**Work task**
Leaving out the pictures, print exactly the lines from the one holding "Bonnie Leather Handbag — photo 7" to the last line of the entries below, both included, and nothing more.

Records from a collection
■ ■ ■ ■ ■

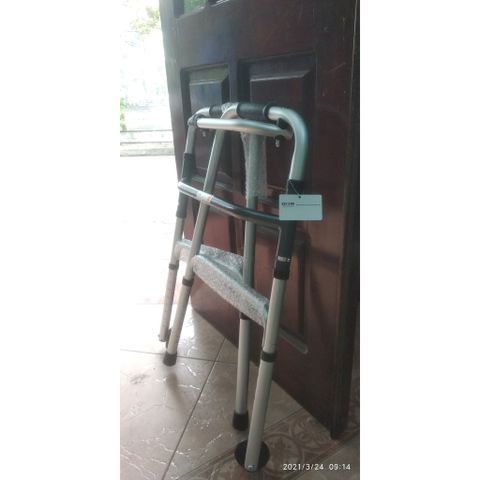 (Tbyt Hào Anh)Khung tập đi cho người già , tai biến - Khung inox có bánh xe - tăng giảm chiều cao, nhẹ, gấp gọn, không t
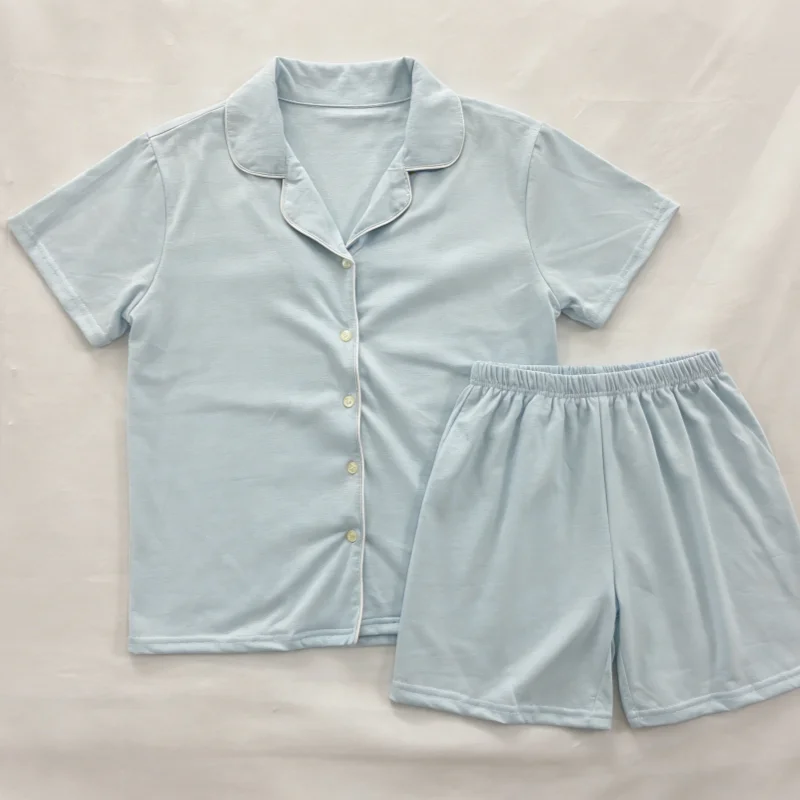 

Светлый минималистичный комплект пижамы с отложным воротником и коротким рукавом, новый, свободный, уютный, легкий люкс, для дома, из двух предметов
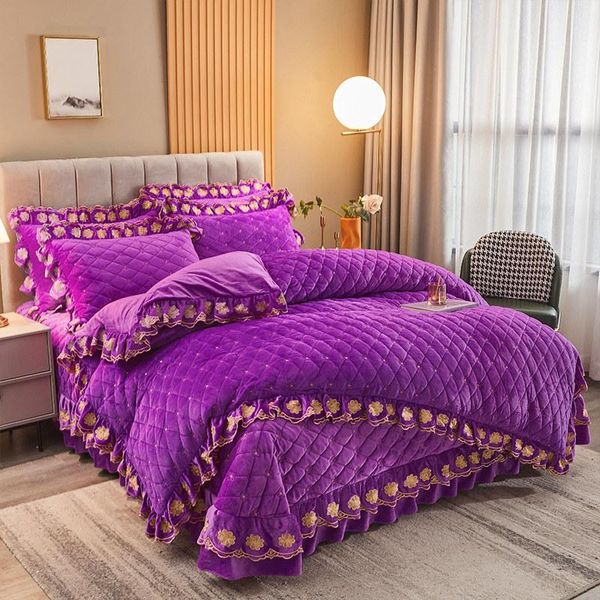 bedding sets thick quilted duvet cover set 220x240 winter embroidery king double bed crystal velvet quilt solid 2 pillowcases
bedding sets thick quilted duvet cover set 220x240 winter embroidery king double bed crystal velvet quilt solid 2 pillowcases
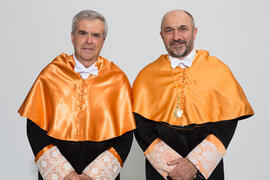 Retrato de Eugenio José Luque y José Emilio Navas previo a su investidura como Doctor "Honoris Causa" por la Facultad de Ciencias Económicas y Empresariales de la Universidad de Málaga. Edificio del Rectorado. Abril de 2017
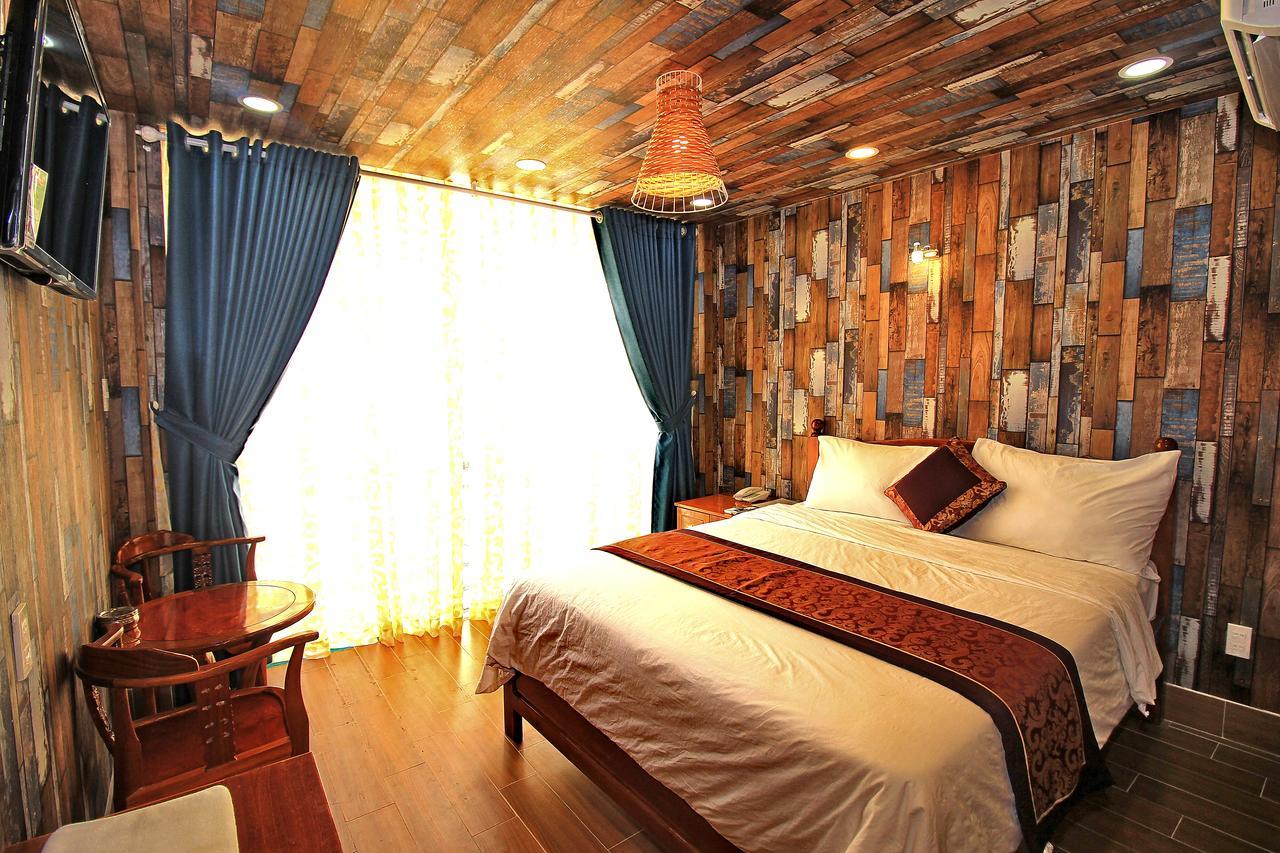 Nest Hotel 2*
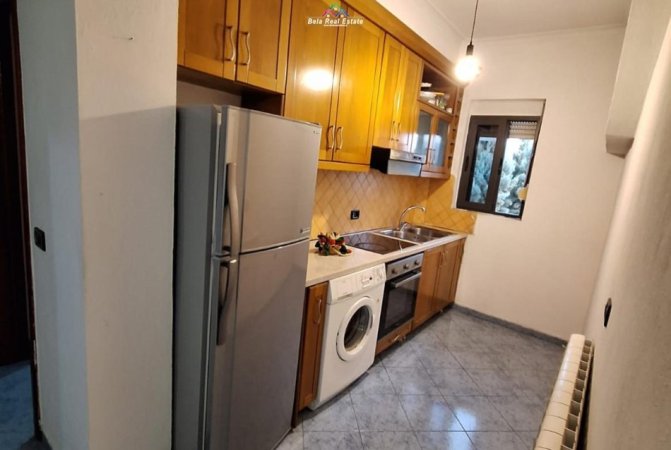 Tirane, jepet me qera Vile 2+1 Kati 2, 80 m² 520 € (Rruga Vjosa)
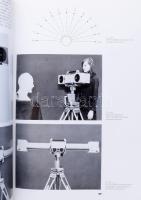 Kis Papp László: Építészeti fotogrammetria. Bp., 1981, Műszaki Könyvkiadó. 172p. Vászonkötésben, pap...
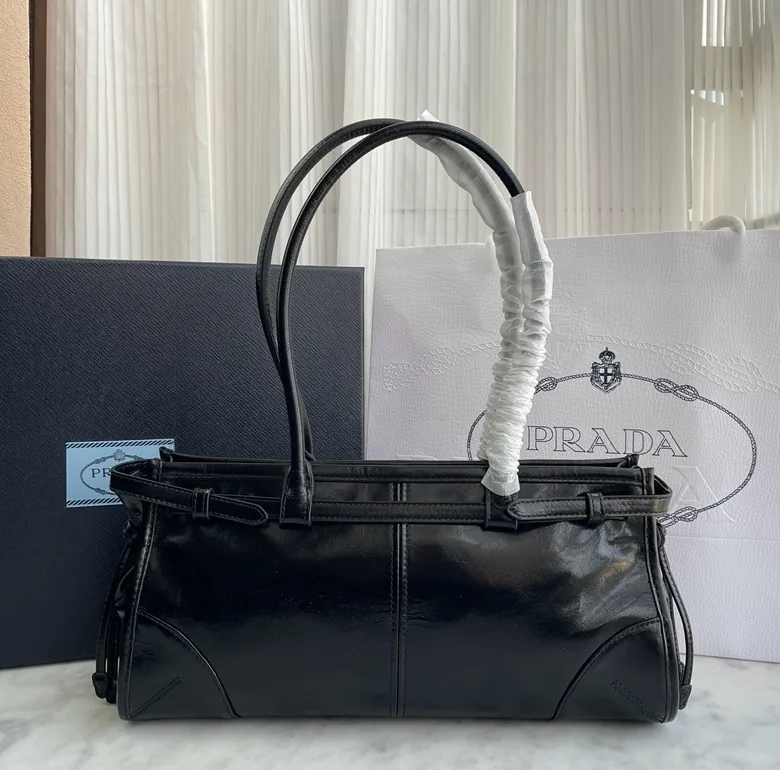 Bonnie Leather Handbag — photo 7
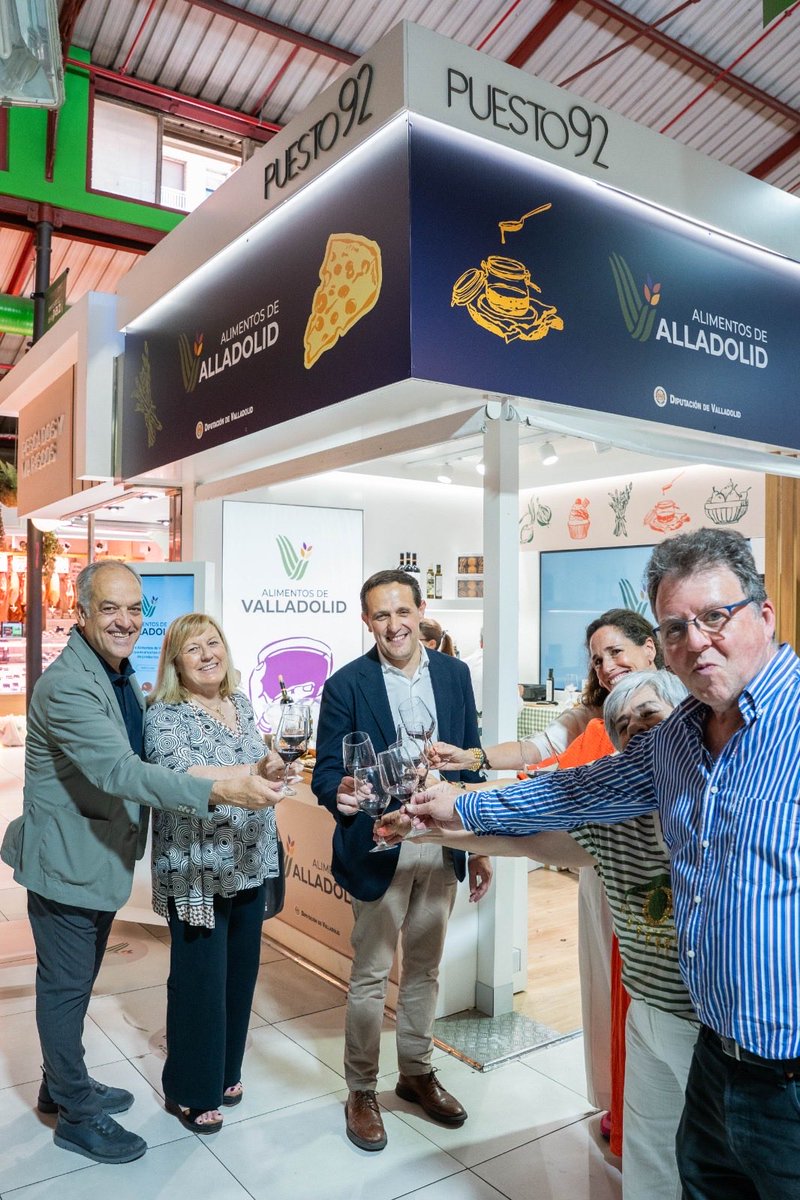 Dip_Va's tweet photo. Los @alimentosVALL celebran su X Aniversario en Madrid.

📍 El presidente @Conrado_Iscar ha inaugurado hoy en el Mercado de la Paz una acción promocional para acercar los productos de la provincia a la capital.

🗓️ Del 1 al 6 de junio, degustaciones y promociones en restaurantes y espacios gastronómicos madrileños

🔗 https://t.co/UHESSTxqLM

■ ■ ■ ■ ■

**Output for this task**
 Bonnie Leather Handbag — photo 7
 Dip_Va's tweet photo. Los @alimentosVALL celebran su X Aniversario en Madrid.

📍 El presidente @Conrado_Iscar ha inaugurado hoy en el Mercado de la Paz una acción promocional para acercar los productos de la provincia a la capital.

🗓️ Del 1 al 6 de junio, degustaciones y promociones en restaurantes y espacios gastronómicos madrileños

🔗 https://t.co/UHESSTxqLM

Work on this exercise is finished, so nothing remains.